For the request http://localhost:8983/solr/select?q=senior I received documents containing the word senior , but in the highlight section of the solr response, the word was not highlighted.

UPDATE 1: I found out that I have the word senior in my synonyms_abbr.txt file, the line senior,lead . When I commented on this line or replaced the words, lead,senior , it is surprising that the word senior began to stand out. Any ideas?

UPDATE 2: Words from synonyms.txt and synonyms_other.txt are usually highlighted, but words from synonyms_abbr.txt behave strangely as follows.
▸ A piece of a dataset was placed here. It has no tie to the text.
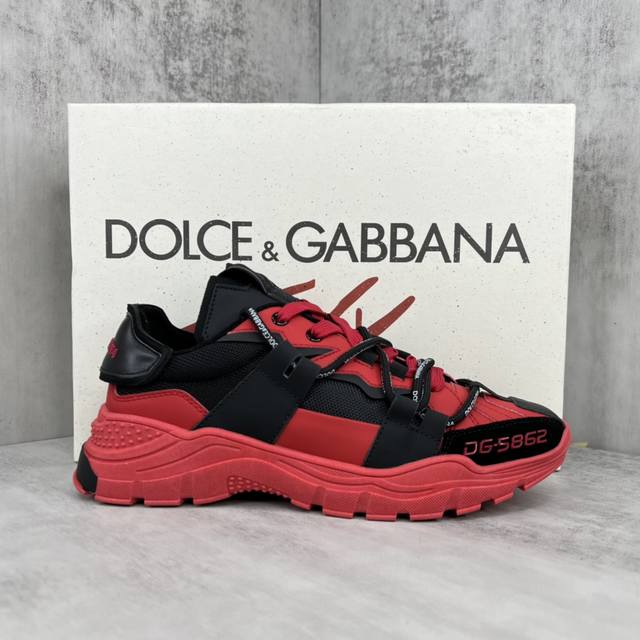 新款上架 Dolce&Gabbana 杜嘉 班纳老爹鞋 休闲运动鞋 Dg Together 系列以品牌 Dna 摩登视角灵感源泉 新一代年轻人为设计出发点 全新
For example, I have the line lead,head,senior in synonyms_abbr.txt , then

requests http://localhost:8983/solr/select?q=senior and http://localhost:8983/solr/select?q=head do not highlight a word,
the request http://localhost:8983/solr/select?q=lead highlights not only the word lead , but also head and senior .

+7

highlight solr

Mher Oct 20 '15 at 11:59

source share

3 answers

Some fields are not saved, so they cannot be returned. Because they are indexed, they are searchable. Change your layout to keep = "true" for all the fields you want to highlight.

 <field name="text_syn" type="text_en_syn" indexed="true" stored="true" multiValued="true" /> <field name="text_syn_other" type="text_en_syn_other" indexed="true" stored="true" multiValued="true" />

Looking at my configuration, I assume that you highlight work on bio fields and text?

+2

ilinca Oct 23 '15 at 13:58

source share

Could you add the eldest, leading and leading, senior to the synonyms_abbr.txt file, and then try to run the marker.

0

user155806 Oct 29 '15 at 11:43

source share

vvs · Accepted Answer · 2015-10-30T07:27:30+0000

From your update2, it is clear that only the first word among lead,head,senior actually used for matching synonyms and highlighting.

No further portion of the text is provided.